→ **What to do**: In the records below, find the line with "Birch Laminate Resin", then retype it and every following line exactly, stopping after the line with "Philippine Manila Motel". Leave the pictures out.
*** Extracted data Section Begins ***
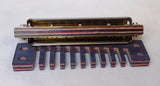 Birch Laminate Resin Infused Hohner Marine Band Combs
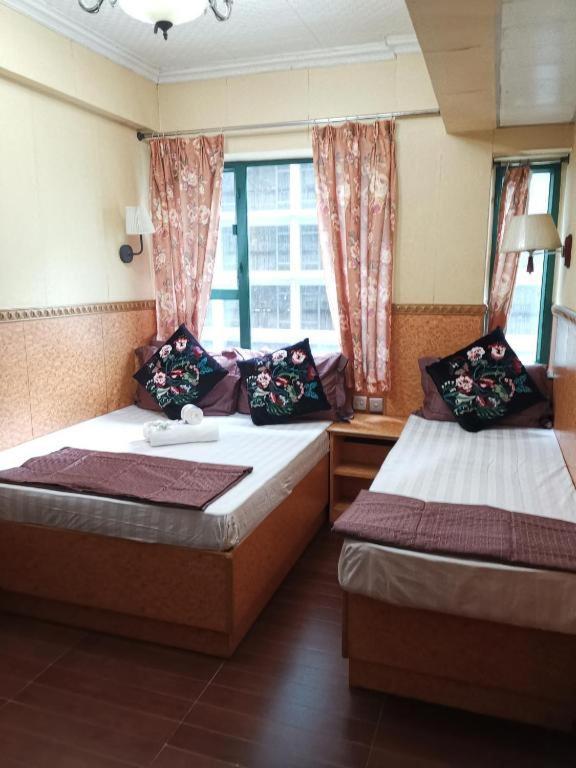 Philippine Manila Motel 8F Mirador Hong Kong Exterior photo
*** Extracted data Section Ends ***
*** Extracted data Section Begins ***
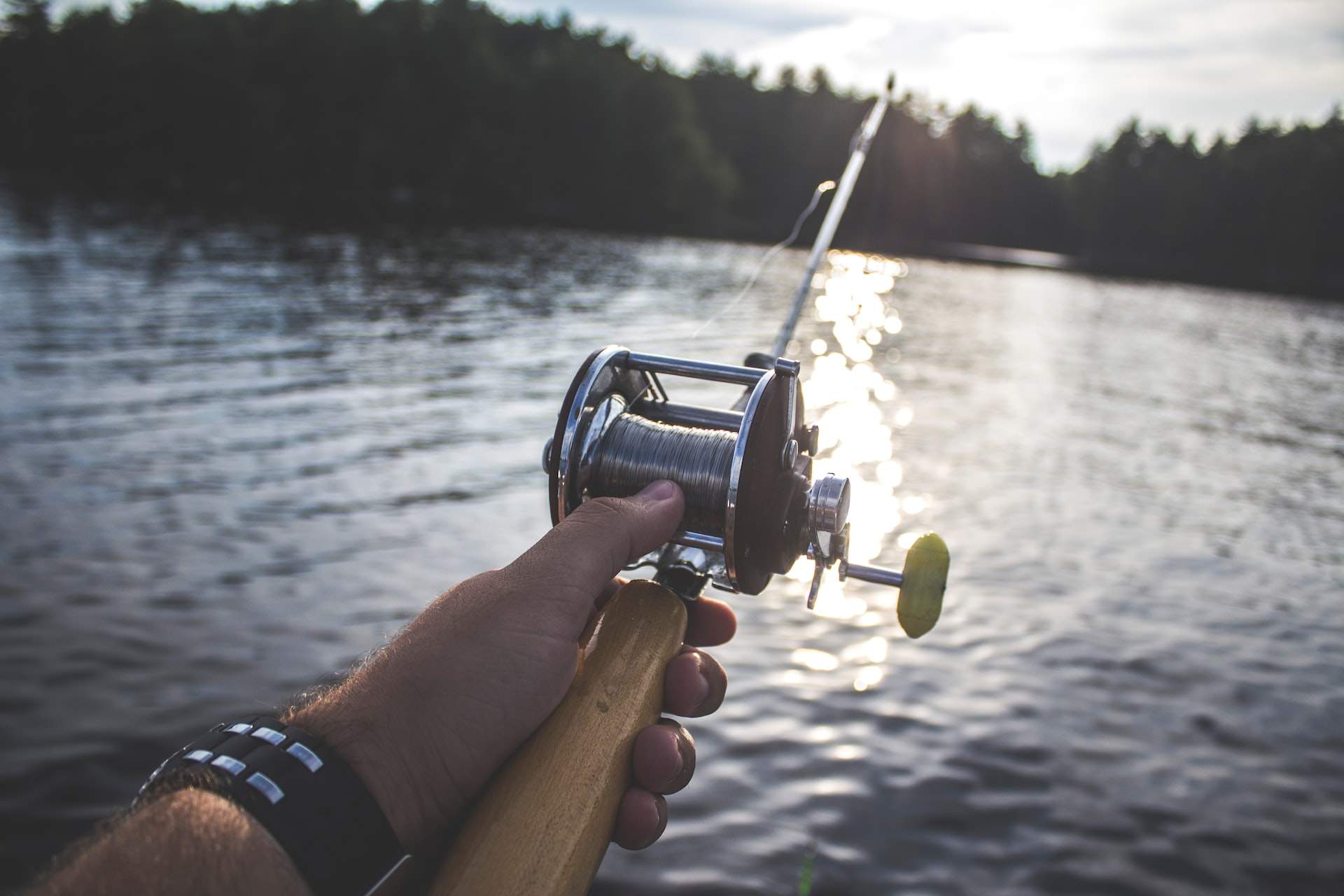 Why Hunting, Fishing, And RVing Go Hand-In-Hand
*** Extracted data Section Ends ***
→ **Answer for this exercise**:
 Birch Laminate Resin Infused Hohner Marine Band Combs
 Philippine Manila Motel 8F Mirador Hong Kong Exterior photo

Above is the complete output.